19Après avoir affirmé que la théologie est une science positive distincte des autres sciences ontiques, Heidegger en arrive à la question centrale de son cours de 1927-1928. Quel est le rapport entre la théologie – une science positive – et la philosophie ? Au premier abord, la position de Heidegger semble résolument négative : « Comme telle, la philosophie chrétienne n’existe pas ; il s’agit là d’un “cercle” absolument “carré” [20]. » La foi n’a pas besoin de la philosophie. De l’autre côté, la théologie en tant que science positive de la foi a besoin de la philosophie en tant que « correctif ontologique de l’ontique [21] ». Cela signifie que, afin de rester scientifique et autonome, la théologie utilise des concepts philosophiques qui précèdent les notions tirées de la foi – la foi étant considérée comme un mode d’existence dans et de compréhension du monde. Heidegger explique cela à l’aide de l’exemple de la culpabilité et du péché [22]. La culpabilité est une notion ontologique préchrétienne qui précède le concept chrétien du péché qui n’a de sens que dans le contexte de la foi. La théologie trouve manifestement la philosophie utile mais elle n’est pas de la philosophie, Heidegger insiste. La science de l’être est entièrement autonome et dépourvue de foi – et de tout autre positum. Par conséquent, Heidegger incite les philosophes à accepter l’athéisme méthodologique et à ne pas compromettre la phénoménologie par la foi.
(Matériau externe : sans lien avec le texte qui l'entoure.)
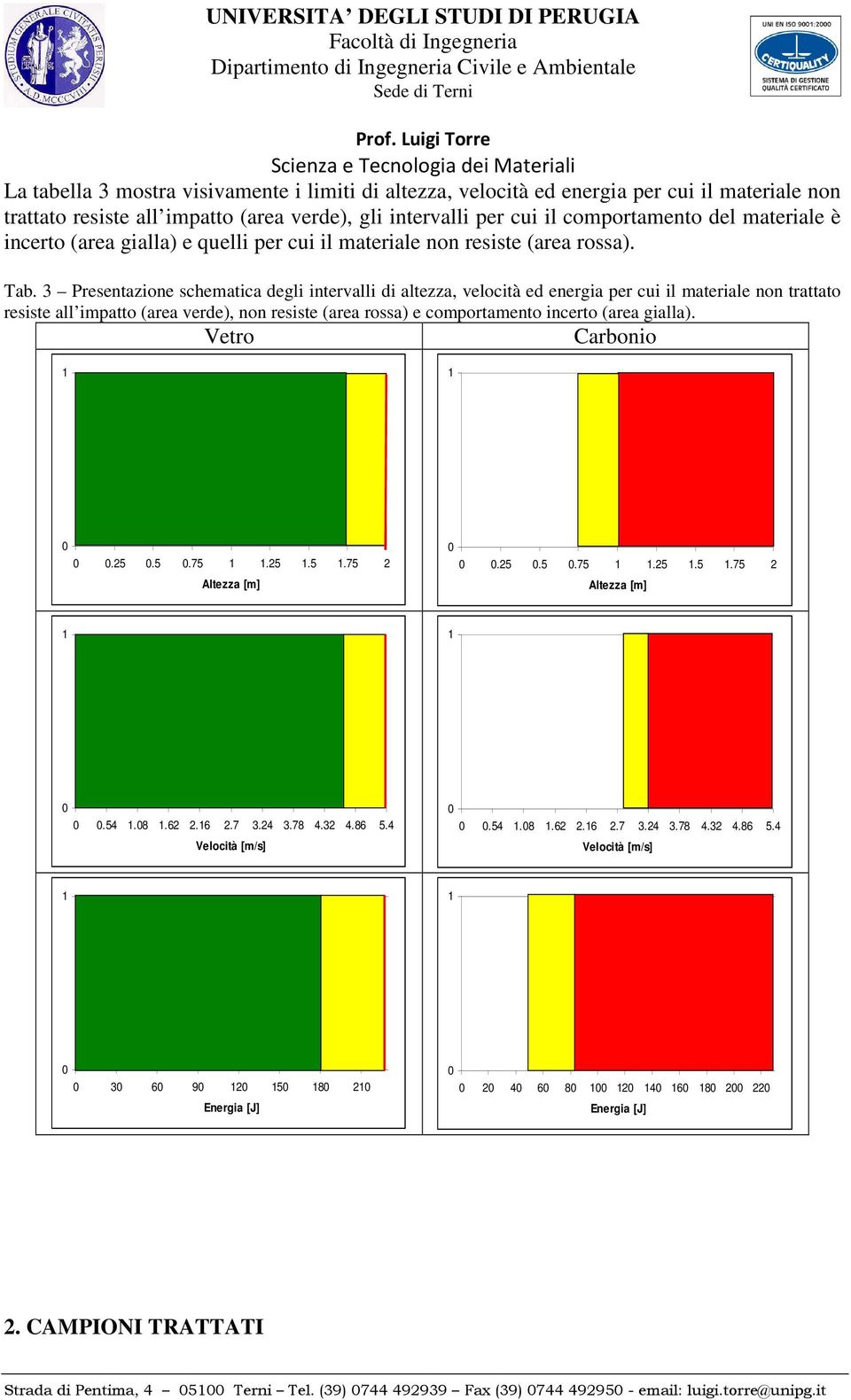 3 Presentazione schematica degli intervalli di altezza, velocità ed energia per cui il materiale non trattato resiste all impatto (area verde), non resiste (area rossa) e comportamento incerto (area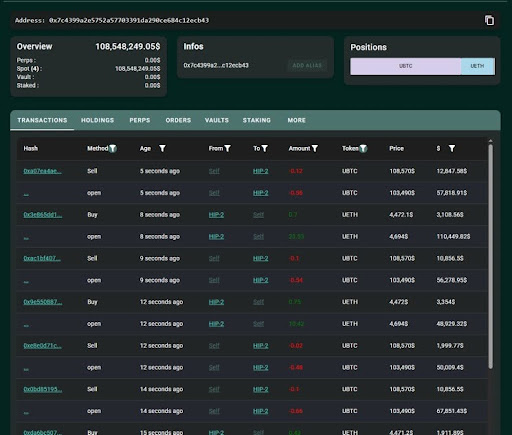 Bitcoin Whale Dumps  Billion In BTC, Here’s What They Bought
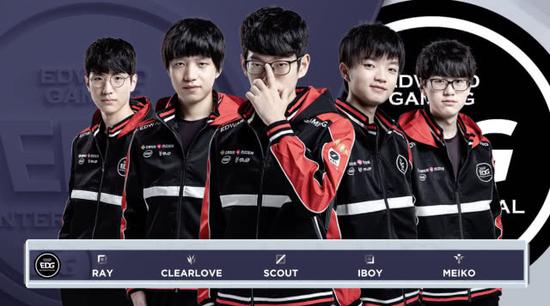 术的体现 术的体现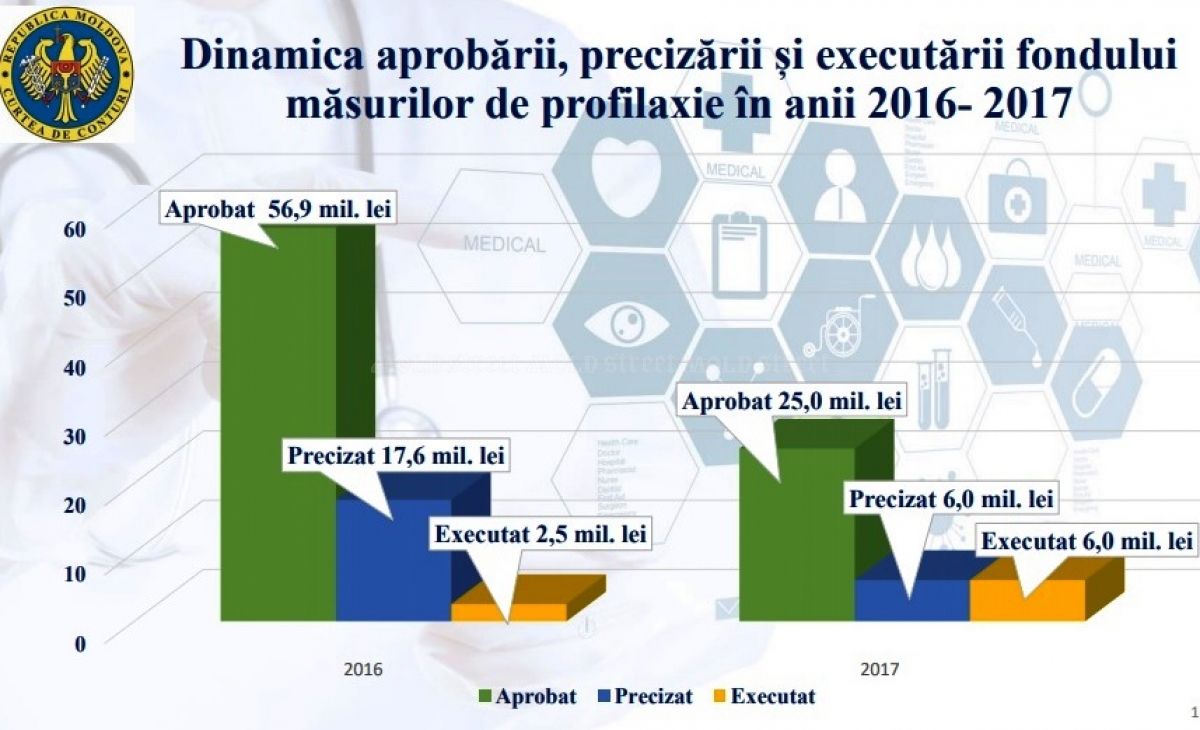 Бюджетные ассигнования на профилактику болезней сократились в несколько раз в последние годы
20Malgré la distinction claire et nette entre la philosophie et la théologie présentée dans le cours de Heidegger, il semble toujours possible de soutenir que le clivage entre la phénoménologie et la théologie n’est pas infranchissable. Matheson Russell, par exemple, nous rappelle que les premières œuvres de Heidegger proposent une analyse phénoménologique de la foi [23], une foi que Heidegger décrit comme prenant deux formes : (1) celle de l’onto-théologie et (2) la foi au sens du christianisme initial ou primitif [24]. L’onto-théologie conceptualise Dieu et sa révélation comme le contenu positif du christianisme. Dieu est présent en tant qu’être suprême (causa sui) qui fonde l’être de tout. Inversement, l’être se rapporte à l’être suprême et déduit sa signification du fondement de l’être. Voilà ce que Heidegger appellera plus tard la constitution onto-théo-logique de la métaphysique [25]. Pour la théologie, le résultat en est une foi métaphysique théiste qui (ab) use du raisonnement philosophique en vue de sa propre apologétique. Le philosophe se doit de protester contre cette idée fausse.

21En dehors de l’onto-théologie qui est devenue le courant dominant de la foi chrétienne, Heidegger accentue une conception alternative qu’il considère comme étant scripturale et donc plus authentique. La référence à saint Paul – qui qualifie la philosophie de folie – et à la lignée de pensée ultérieure chez Augustin, Luther et Kierkegaard en est une illustration. Ce que Heidegger trouve chez ces figures peut être décrit comme le passage de Dieu en tant qu’objet de la foi à la foi elle-même. Cette théologie de la foi est consciente de la charge onto-théologique du christianisme. Dans cette optique, Heidegger établit une frontière entre la théologie et la philosophie. La revendication de l’émancipation totale de la philosophie par rapport à la théologie doit être comprise dans le contexte de ses arguments contre le Dieu de l’onto-théologie, ce qui se reflète clairement dans son texte ultérieur « Phénoménologie et théologie [26] ». Cependant, ce qui vaut pour la science théologique positive ne vaut pas nécessairement pour la théologie dans sa totalité.

22

De la même manière, la transparence théologique et l’interprétation conceptuelle de la foi ne peuvent fonder ni garantir la légitimité de la foi, ni ne peuvent rendre plus facile d’accepter la foi et de rester constant en elle. La théologie peut rendre la foi plus difficile, c’est-à dire rendre plus certain que la fidélité ne peut être obtenue à travers la science de la théologie mais uniquement à travers la foi [27].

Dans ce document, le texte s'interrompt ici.